This is where we turn to Ibis. PyArrow is a strong tool for everything it does, but Ibis is a clear choice for data analytics. Ibis is an interface that allows easy and standard analytics, defined in Ibis and executed on one of its 15+ backends, ranging from Polars to BigQuery. Here, we get to stay in memory (give or take some swap space), so let’s use one of the many backends Ibis offers, which performs well in memory: DuckDB.

Analytics with Ibis and DuckDB

Let’s do what we did above, and start with imports.

import ibis
from ibis import selectors as s
import pyarrow as pa
from pyarrow import parquet
import pyarrow.dataset as ds

DuckDB’s the default, but for the sake of certainty, we’ll set it and read with it explicitly.

ibis.set_backend("duckdb")
t = ibis.read_csv("psam_p*.csv", sample_size = -1)

We’re going to use PyArrow for writing to our new optimized table because it’s so good at that — thus, when building up the schema, we’re going to use PyArrow types. This function is a very brute-force way to do that, which should still be quick since we’re going to use it on an amount of data equal to the number of columns, rather than row*columns.

def vals_to_type(minimum, maximum):
    if minimum < 0:
        if -128 <= minimum <= 127 and -128 <= maximum <= 127:
            return pa.int8()
        if -32768 <= minimum <= 32767 and -32768 <= maximum <= 32767:
            return pa.int16()
        if -2147483648 <= minimum <= 2147483647 and -2147483648 <= maximum <= 2147483647:
            return pa.int32()
    else:
        if 0 <= minimum <= 1 and 0 <= maximum <= 1:
            return pa.bool_()
        if 0 <= minimum <= 255 and 0 <= maximum <= 255:
            return pa.uint8()
        if 0 <= minimum <= 65535 and 0 <= maximum <= 65535:
            return pa.uint16()
        if 0 <= minimum <= 4294967295 and 0 <= maximum <= 4294967295:
            return pa.uint32()
    return pa.int64()

There’s no handling for floating point values or non-numbers in general — our dataset is of a form that allows us to focus on integers, and we can handle strings before we find minimum and maximum values.

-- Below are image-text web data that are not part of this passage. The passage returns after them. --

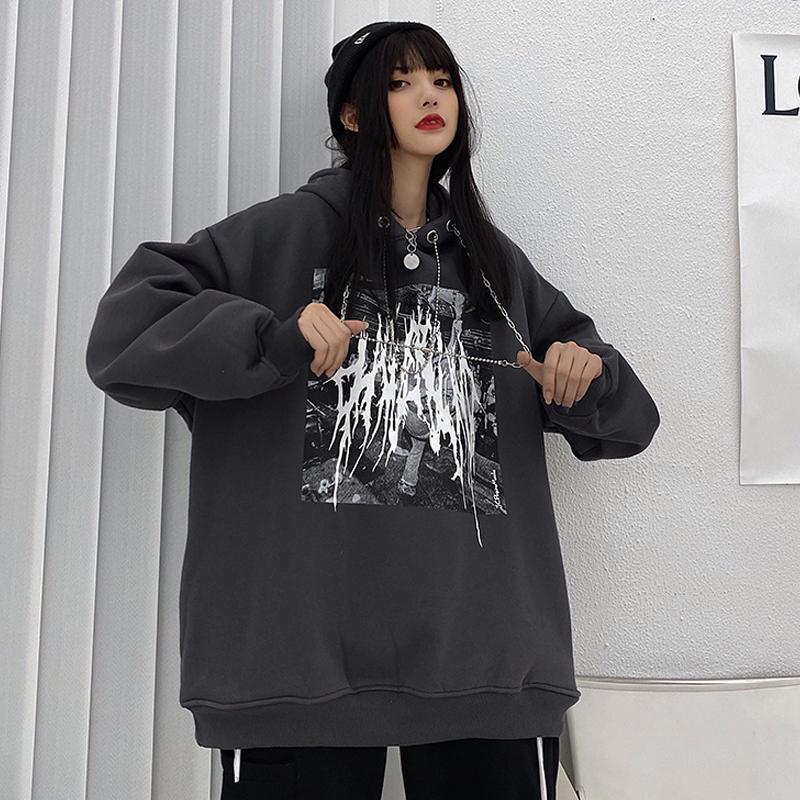 Dark Black Cartoon Print Loose Plush Hooded Jacket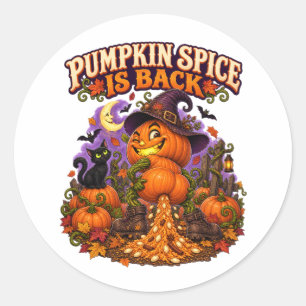 Pumpkin Spice Is Back Funny Halloween Classic Round Sticker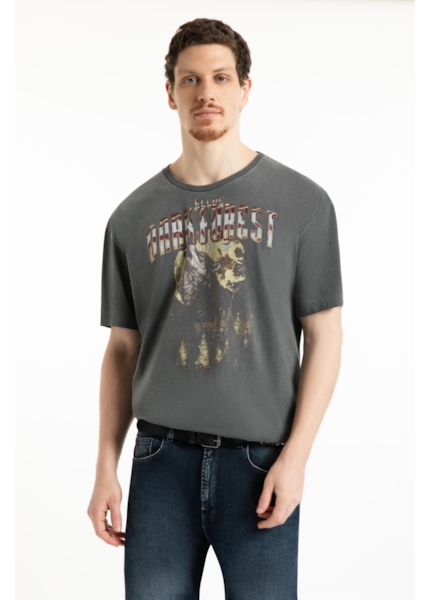 T-Shirt Washed Dark Forest Over Preto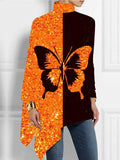 Women's Butterfly print  Long Sleeve blouse Top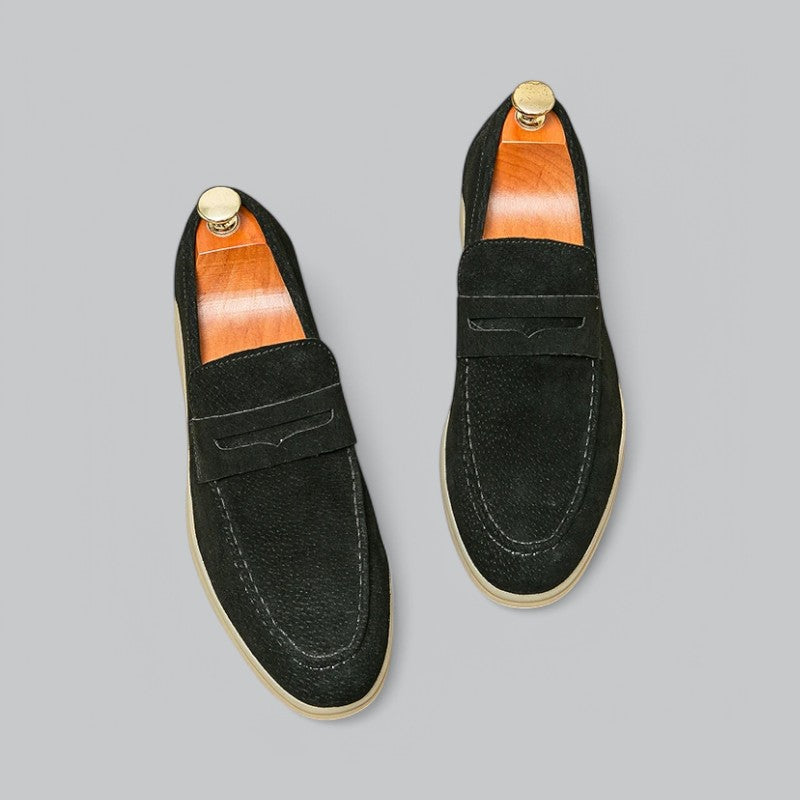 Valenti | Luxury Old-Money Loafers - Faux Suede Moccasins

As for how we set up for our minimum and maximum values, and exclude strings, we can use selectors from Ibis:

aggs = []
num_cols = t.select(s.numeric()).schema().names
str_cols = t.select(s.of_type(ibis.expr.datatypes.string)).schema().names
for col in num_cols:
    aggs.append(t[col].min())
    aggs.append(t[col].max())

Now, it may look like we’ve made an array out of results, but this is actually a touch more interesting. Running through getting min then max for each result could take a very, very long time — and optimizers exist to make this better. Ibis gives us a path to gather several results we want and set up the necessary SQL to make it happen, via its concept of expressions. Rather than an array of results, we have an array of unexecuted expressions. We can pass this array of expressions to Ibis and it will set up to run them as smartly as possible in the backend.

Here’s how we do that — on an M2 Macbook Pro, this takes around 1 minute, 40 seconds over the whole dataset:

# To break this down: t is the table, .aggregate() is what can 
# take a set of expressions, and .execute() actually forces the
# aggregated expression set to run and output -- to a pandas Dataframe
# by default. 
out = t.aggregate(aggs).execute()

After running that cell, out looks something like this:

Min(PUMA)	Max(PUMA)	Min(REGION)	Max(REGION)	Min(ST)	Max(ST)	...
0	9	1	20	100	70301	. . .
1 rows × 568 columns

Using Analytics for a Better Schema

Now, we want to set up for PyArrow to use this as its schema — PyArrow can accept a dictionary, so we’ll use the columns’ names as keys, and assign a data type to use as the value. That looks like this:

# Set up to iterate over the Pandas Dataframe
test_iter = iter(out.items())
idx = 0
dict_fields = {}
for item in test_iter:
	# For each min-max pair in the Dataframe, use vals_to_type() to find
    # the appropriate data type using the current loop iteration (min), 
	# and skip to the next (max).
    dict_fields[num_cols[idx]] = vals_to_type(item[1].values[0], next(test_iter)[1].values[0])
    # We are guaranteed to have the right order, so we can just increment
    # an index value over the numeric columns.
		idx += 1
# The string columns are simple -- we just need to make each one map to
# string. 
for col in str_cols:
    dict_fields[col] = pa.string()

PyArrow expects the schema to be in order when passed for reading. This dictionary is not in order. However, we can use the trick from the naive method, in which we make a view that establishes the initial schema, then modify it.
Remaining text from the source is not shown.